PyEvaluate / PyEvaluateString
This is the heart of the package. It takes Mathematica-esque code, converts it into a structure that can be processed by KernelLink.__callPython()
and sends it over and waits for a response. The conversion is handled by PJLink`SymbolicPython`ToSymbolicPython
which was originally written for the PyTools package . This is the best way to move data to python as things like Image
objects, packable arrays, and SparseArray
objects will be moved over intelligently.
PyEvaluateString
is like PyEvaluate
, but with the recognition that ToSymbolicPython
will always be a little bit lacking. It allows one to simply call a string of python code on the link and get the results back.
PyWrite / PyWriteString / PyRead / PyReadErr
These are all functions that make use of the fact that when the Reader
object started it allowed an interactive session to keep running and reading / writing on stdin, stdout, and stderr. The Read
functions read from stdout and stderr and the write functions write to stdin. The former takes Mathematica code and auto-converts it into a string. The latter simply passes in the given string.
Future Work
PJLink 1.0.0, beefy as it already is, should only really be seen as the beginning. My hope is that much more can be done to allow for more native data type transfer and for intelligent communication between the two systems.
In my demo I tried to show some of the things that make the interoperation of the two so nice, but I obviously don’t have the breadth of knowledge to know all of the many applications this can be put to. Applications built off of PJLink are always welcome and I’m happy to provide any requisite information and extensions to PJLink to get them built.

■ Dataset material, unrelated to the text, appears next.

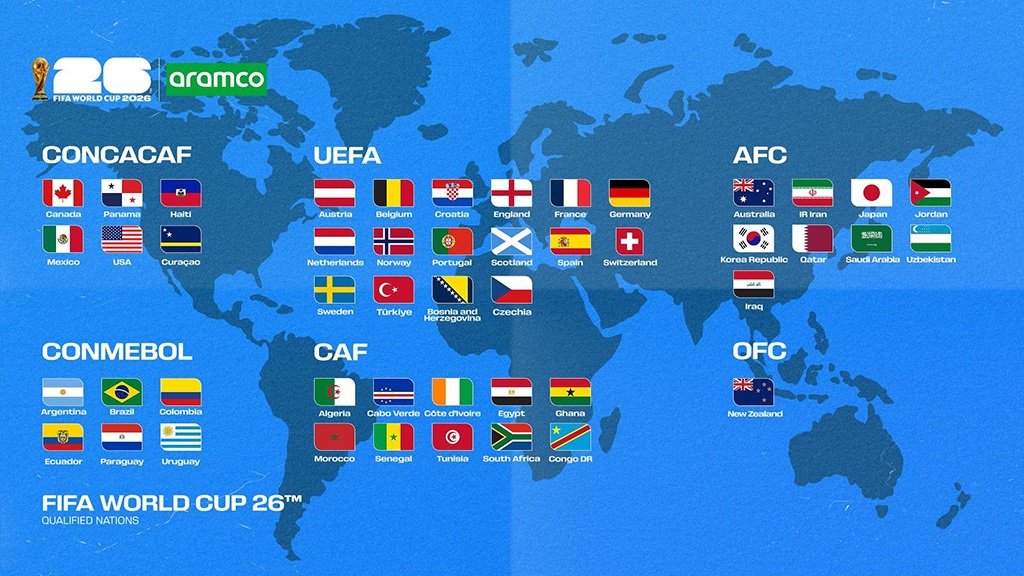 Cập Nhật Lịch Thi Đấu World Cup 2026 Mới Nhất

Alongside that, I think better integration on the Mathematica side is necessary. There is a partial interface for allowing a PythonObject
structure to hide the details of PyEvaluate
on the Mathematica side, but this needs work from both ends, first hooking up the Language`MutatationHandler
interface and then extending the same on the python side. After that, a JavaBlock
-like setup that allows a link to be opened, used, and cleaned up would be highly useful for sandboxing.
Finally, I’m sure there are numerous bugs hiding in the package as it stands. Please find them and let me know about them so they can be worked out.
In the meantime, I hope you enjoy PJLink and being able to use my two favorite languages symbiotically.